• _Data_:
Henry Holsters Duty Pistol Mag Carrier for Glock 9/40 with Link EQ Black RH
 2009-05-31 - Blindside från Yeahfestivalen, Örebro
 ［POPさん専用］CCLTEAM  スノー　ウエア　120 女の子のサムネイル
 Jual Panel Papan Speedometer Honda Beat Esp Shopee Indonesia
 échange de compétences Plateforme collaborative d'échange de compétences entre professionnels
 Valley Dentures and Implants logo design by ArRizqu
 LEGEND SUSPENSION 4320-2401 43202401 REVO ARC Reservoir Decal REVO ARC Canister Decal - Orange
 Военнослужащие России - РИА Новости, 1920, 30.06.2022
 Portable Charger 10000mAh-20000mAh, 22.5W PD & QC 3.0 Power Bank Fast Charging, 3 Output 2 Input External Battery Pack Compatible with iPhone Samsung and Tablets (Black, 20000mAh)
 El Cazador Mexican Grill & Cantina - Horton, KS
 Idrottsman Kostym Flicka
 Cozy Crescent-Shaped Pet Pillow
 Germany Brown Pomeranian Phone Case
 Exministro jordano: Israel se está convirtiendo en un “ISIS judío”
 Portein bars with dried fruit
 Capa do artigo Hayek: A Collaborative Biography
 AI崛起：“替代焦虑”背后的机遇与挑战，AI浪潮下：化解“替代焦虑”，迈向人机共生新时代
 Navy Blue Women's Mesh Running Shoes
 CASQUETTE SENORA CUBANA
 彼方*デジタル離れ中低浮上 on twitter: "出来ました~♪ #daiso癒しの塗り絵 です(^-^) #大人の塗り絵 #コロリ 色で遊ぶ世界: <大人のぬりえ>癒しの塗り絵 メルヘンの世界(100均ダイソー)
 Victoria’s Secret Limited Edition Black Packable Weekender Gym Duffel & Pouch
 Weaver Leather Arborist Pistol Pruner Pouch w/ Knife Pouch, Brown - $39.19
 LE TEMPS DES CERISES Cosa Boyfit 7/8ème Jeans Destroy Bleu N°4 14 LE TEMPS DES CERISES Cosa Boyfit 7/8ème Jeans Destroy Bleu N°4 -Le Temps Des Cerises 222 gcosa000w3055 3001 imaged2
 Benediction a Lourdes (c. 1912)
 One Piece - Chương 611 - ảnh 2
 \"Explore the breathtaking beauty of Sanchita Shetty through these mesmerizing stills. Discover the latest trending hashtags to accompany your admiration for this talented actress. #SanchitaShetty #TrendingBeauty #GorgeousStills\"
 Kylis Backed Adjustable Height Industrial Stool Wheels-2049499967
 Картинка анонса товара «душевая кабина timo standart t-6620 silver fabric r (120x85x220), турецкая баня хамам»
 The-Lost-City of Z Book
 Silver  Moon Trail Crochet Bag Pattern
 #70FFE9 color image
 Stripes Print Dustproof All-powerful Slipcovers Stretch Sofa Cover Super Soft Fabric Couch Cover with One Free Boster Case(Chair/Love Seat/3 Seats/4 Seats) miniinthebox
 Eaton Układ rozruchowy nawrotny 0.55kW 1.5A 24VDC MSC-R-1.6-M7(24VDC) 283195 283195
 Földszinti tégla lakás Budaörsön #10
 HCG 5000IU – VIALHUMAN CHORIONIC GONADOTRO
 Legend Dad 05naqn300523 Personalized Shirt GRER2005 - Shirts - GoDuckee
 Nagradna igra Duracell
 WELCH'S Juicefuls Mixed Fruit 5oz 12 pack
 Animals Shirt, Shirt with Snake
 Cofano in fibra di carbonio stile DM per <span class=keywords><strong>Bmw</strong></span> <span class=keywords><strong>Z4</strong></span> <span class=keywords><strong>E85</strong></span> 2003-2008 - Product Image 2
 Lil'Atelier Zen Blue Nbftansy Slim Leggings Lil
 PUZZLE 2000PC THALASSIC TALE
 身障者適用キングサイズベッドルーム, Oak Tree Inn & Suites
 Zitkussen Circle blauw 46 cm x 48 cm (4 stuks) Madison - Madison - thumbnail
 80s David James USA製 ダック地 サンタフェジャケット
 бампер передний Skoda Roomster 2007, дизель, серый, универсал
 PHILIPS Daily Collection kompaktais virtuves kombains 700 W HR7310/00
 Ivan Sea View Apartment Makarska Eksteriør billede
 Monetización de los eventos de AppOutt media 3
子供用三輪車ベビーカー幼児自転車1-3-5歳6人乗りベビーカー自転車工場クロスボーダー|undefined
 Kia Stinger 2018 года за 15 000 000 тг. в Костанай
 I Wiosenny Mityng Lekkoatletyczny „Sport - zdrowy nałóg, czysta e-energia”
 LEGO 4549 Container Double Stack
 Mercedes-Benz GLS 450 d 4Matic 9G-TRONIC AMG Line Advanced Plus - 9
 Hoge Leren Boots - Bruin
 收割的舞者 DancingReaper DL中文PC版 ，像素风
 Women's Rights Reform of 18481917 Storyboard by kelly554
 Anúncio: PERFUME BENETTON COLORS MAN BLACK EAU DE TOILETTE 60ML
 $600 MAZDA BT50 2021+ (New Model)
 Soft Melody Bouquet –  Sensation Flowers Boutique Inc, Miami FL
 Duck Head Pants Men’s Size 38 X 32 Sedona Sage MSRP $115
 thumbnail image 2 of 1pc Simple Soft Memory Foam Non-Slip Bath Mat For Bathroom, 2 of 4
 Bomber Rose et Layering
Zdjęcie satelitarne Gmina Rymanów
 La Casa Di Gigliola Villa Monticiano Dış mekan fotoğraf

• _What is required_: Going back over the entries above, copy word for word every line from the one that has "PHILIPS Daily Collection" on through the one that has "收割的舞者 DancingReaper DL中文PC版 ，像素风".

• _Result for this exercise_:
 PHILIPS Daily Collection kompaktais virtuves kombains 700 W HR7310/00
 Ivan Sea View Apartment Makarska Eksteriør billede
 Monetización de los eventos de AppOutt media 3
子供用三輪車ベビーカー幼児自転車1-3-5歳6人乗りベビーカー自転車工場クロスボーダー|undefined
 Kia Stinger 2018 года за 15 000 000 тг. в Костанай
 I Wiosenny Mityng Lekkoatletyczny „Sport - zdrowy nałóg, czysta e-energia”
 LEGO 4549 Container Double Stack
 Mercedes-Benz GLS 450 d 4Matic 9G-TRONIC AMG Line Advanced Plus - 9
 Hoge Leren Boots - Bruin
 收割的舞者 DancingReaper DL中文PC版 ，像素风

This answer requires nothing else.